ACTION ITEM
Print the records below exactly, starting at the first line and stopping after the line that contains "Waterpik 6-Mode Powerpulse". Leave out any pictures.
Start of INPUT MATERIAL
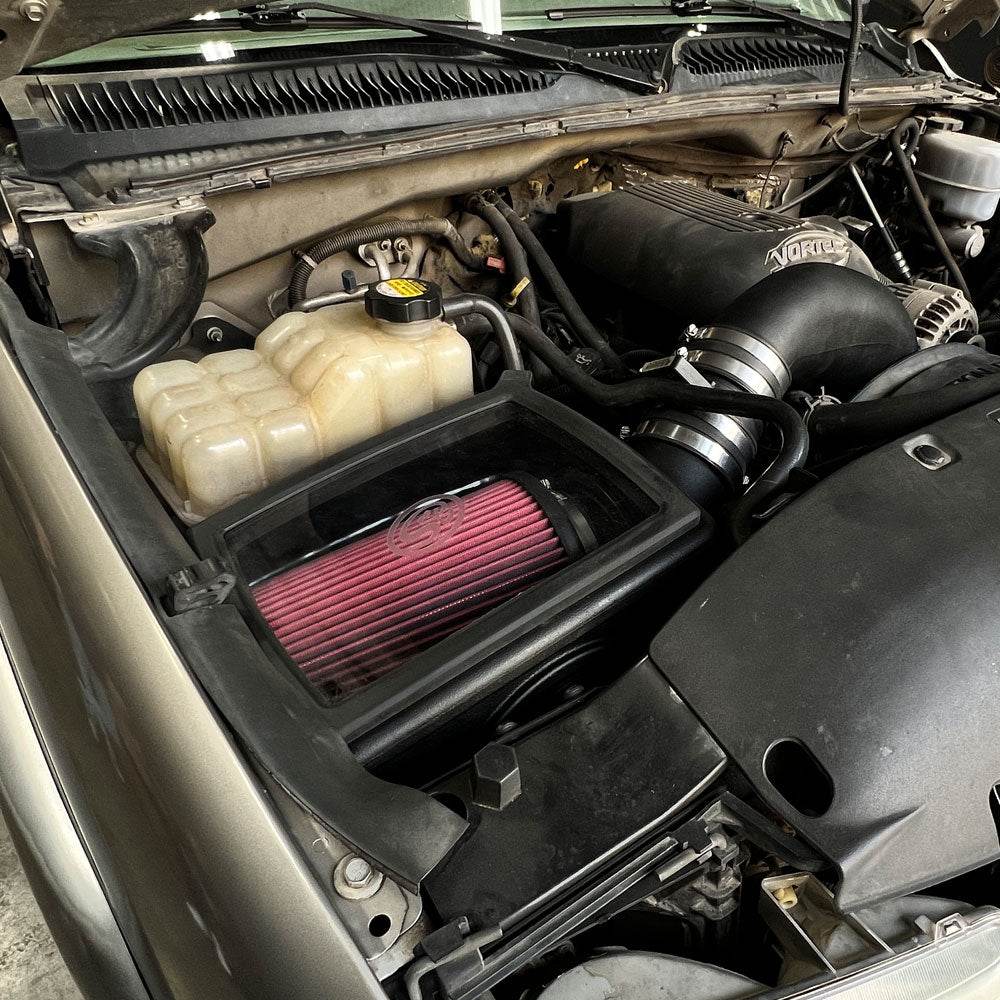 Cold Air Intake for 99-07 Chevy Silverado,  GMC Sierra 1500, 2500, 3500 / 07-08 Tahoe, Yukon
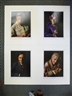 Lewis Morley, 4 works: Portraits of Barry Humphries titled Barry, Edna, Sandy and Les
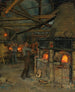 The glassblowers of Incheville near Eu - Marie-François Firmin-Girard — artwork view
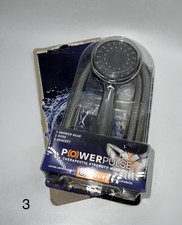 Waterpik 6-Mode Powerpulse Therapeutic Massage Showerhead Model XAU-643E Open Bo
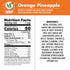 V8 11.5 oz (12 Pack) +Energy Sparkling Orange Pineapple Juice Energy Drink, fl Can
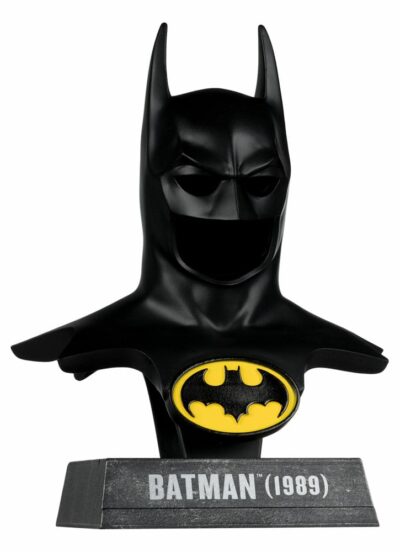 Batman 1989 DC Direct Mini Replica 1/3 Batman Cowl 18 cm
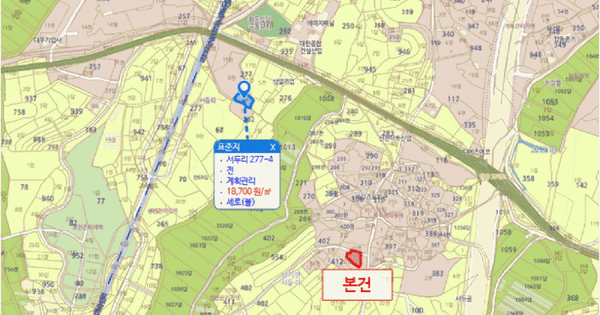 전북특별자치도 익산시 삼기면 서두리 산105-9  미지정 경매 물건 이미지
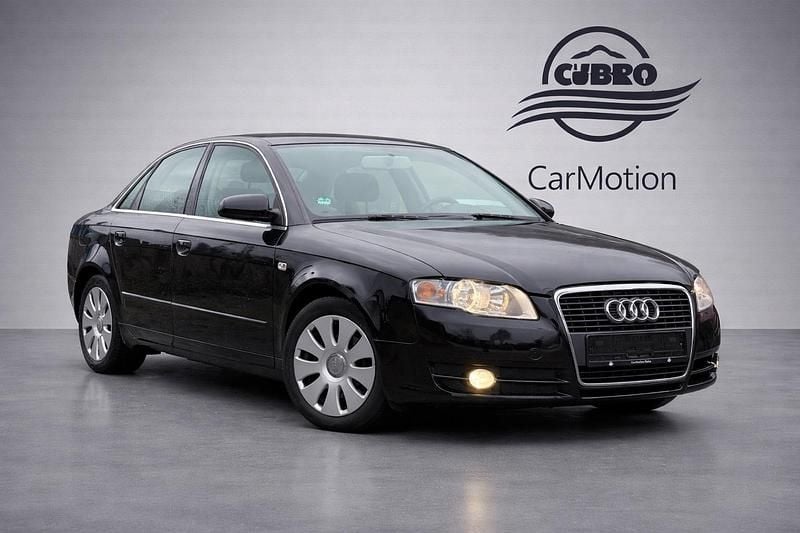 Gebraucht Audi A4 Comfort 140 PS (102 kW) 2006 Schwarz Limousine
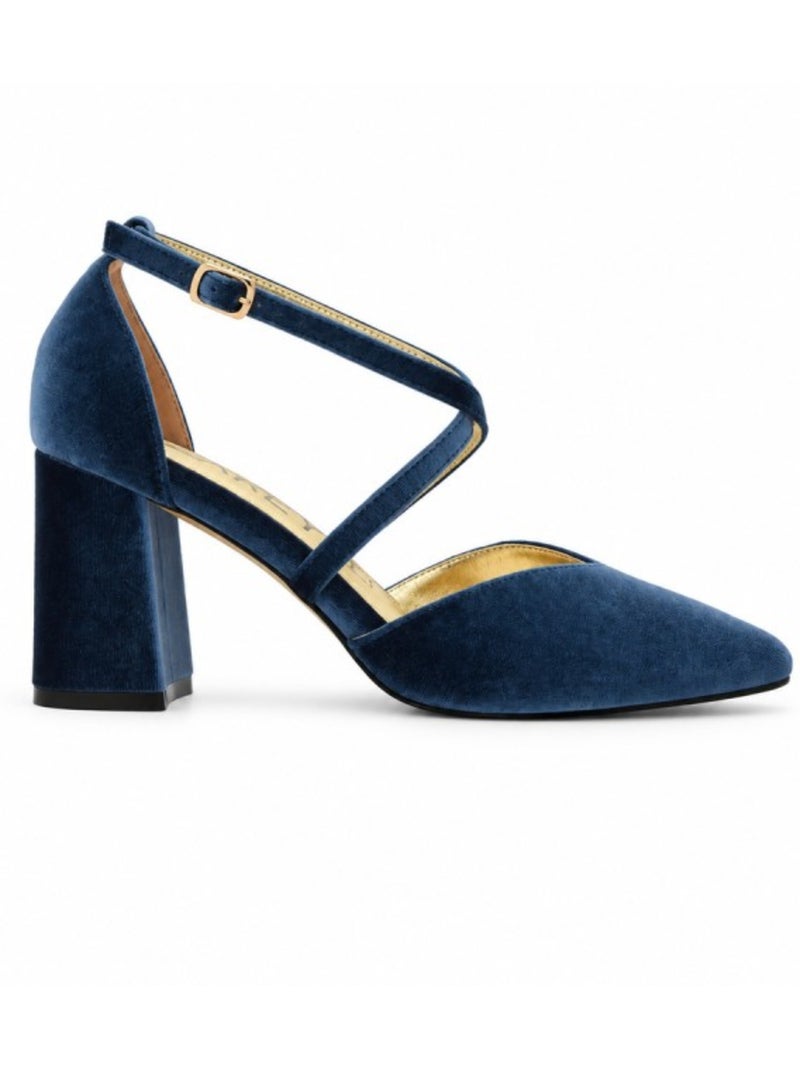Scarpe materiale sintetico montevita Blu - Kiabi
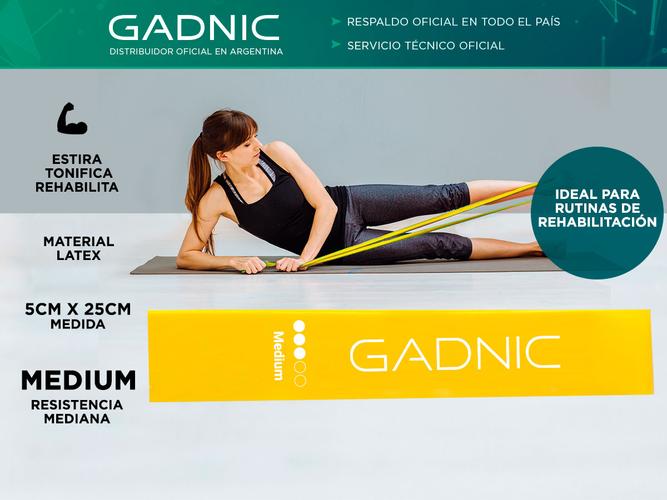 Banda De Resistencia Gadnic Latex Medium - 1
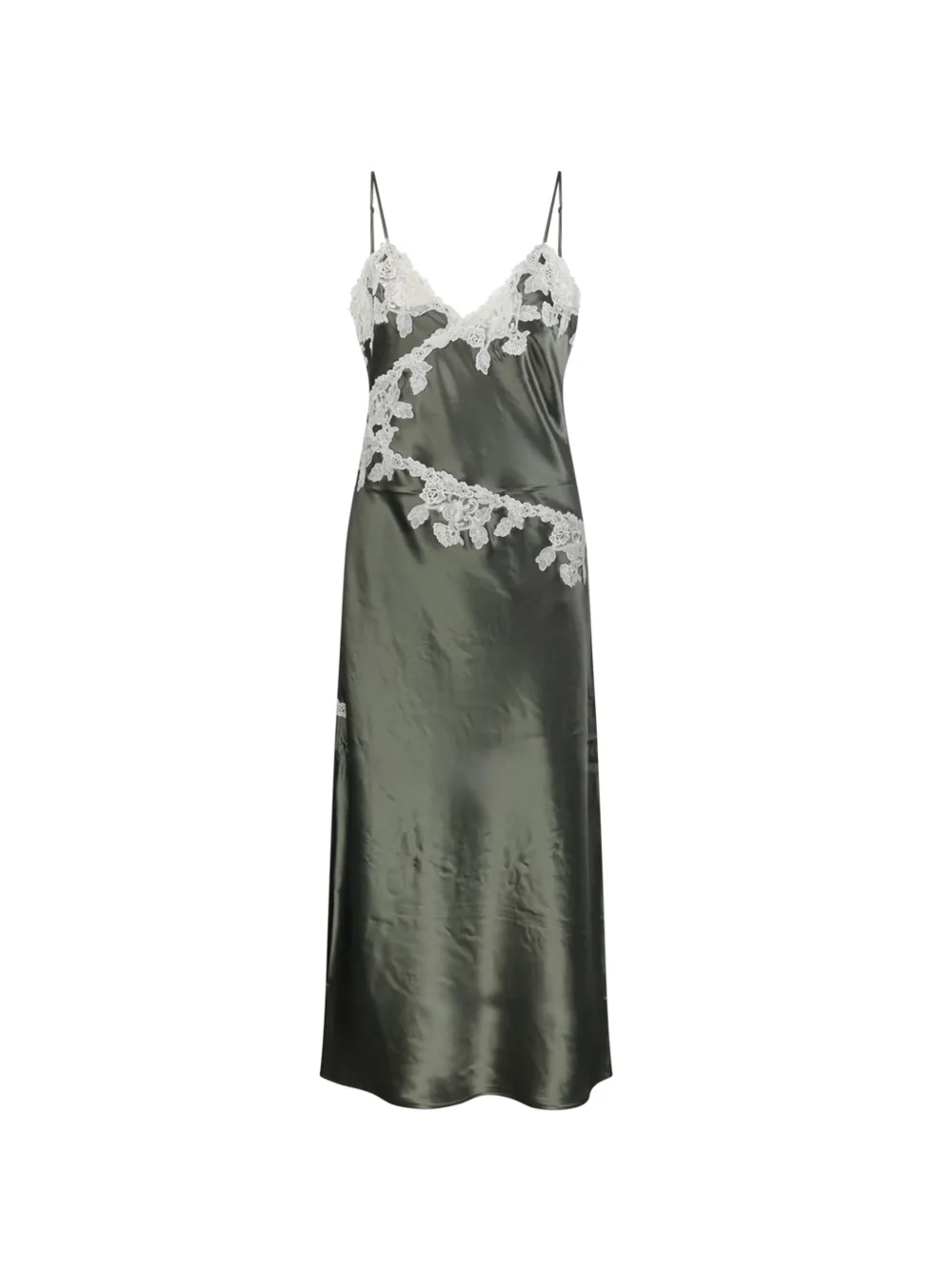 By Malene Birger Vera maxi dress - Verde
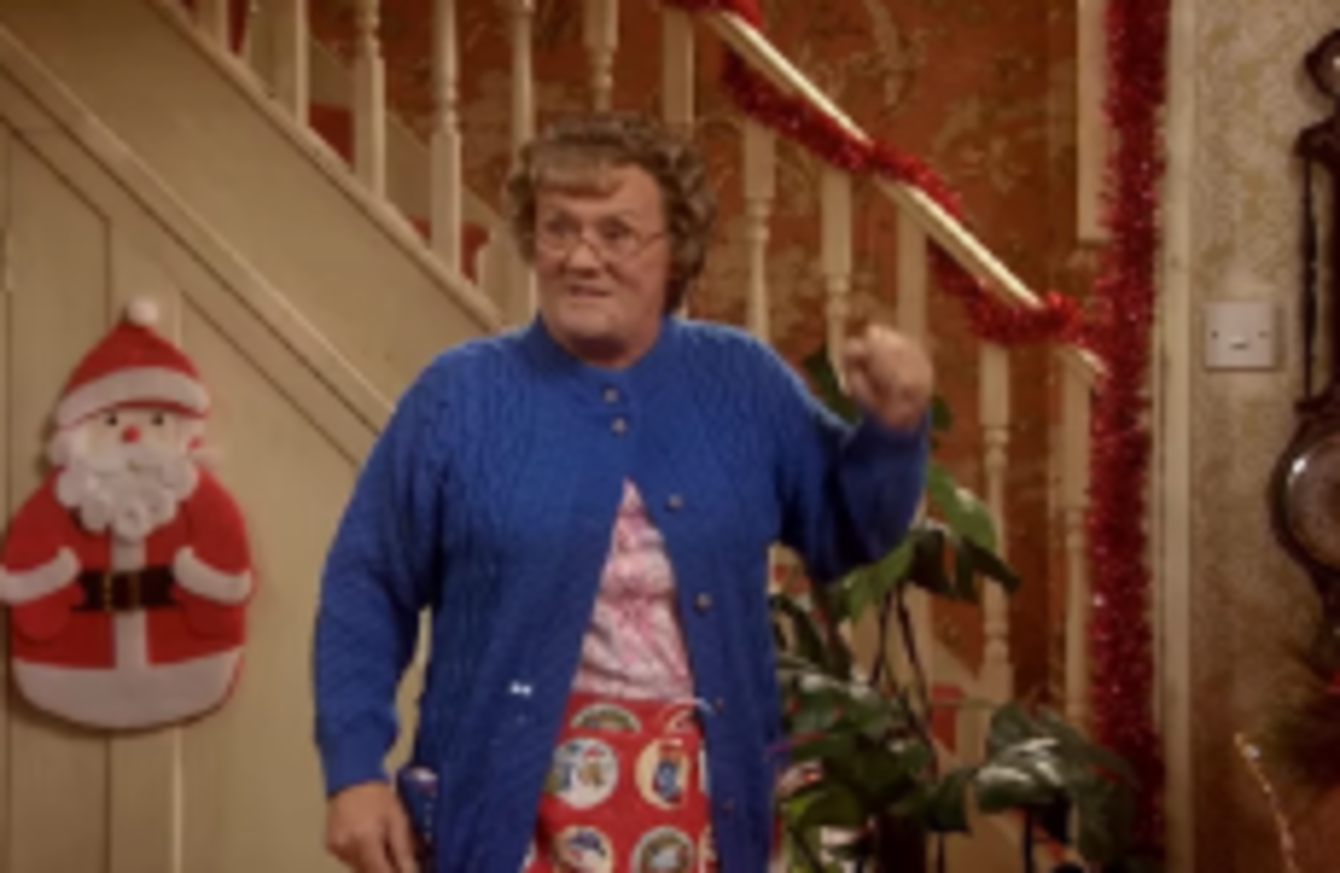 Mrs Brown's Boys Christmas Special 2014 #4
End of INPUT MATERIAL
YOUR SOLUTION
 Cold Air Intake for 99-07 Chevy Silverado,  GMC Sierra 1500, 2500, 3500 / 07-08 Tahoe, Yukon
 Lewis Morley, 4 works: Portraits of Barry Humphries titled Barry, Edna, Sandy and Les
 The glassblowers of Incheville near Eu - Marie-François Firmin-Girard — artwork view
 Waterpik 6-Mode Powerpulse Therapeutic Massage Showerhead Model XAU-643E Open Bo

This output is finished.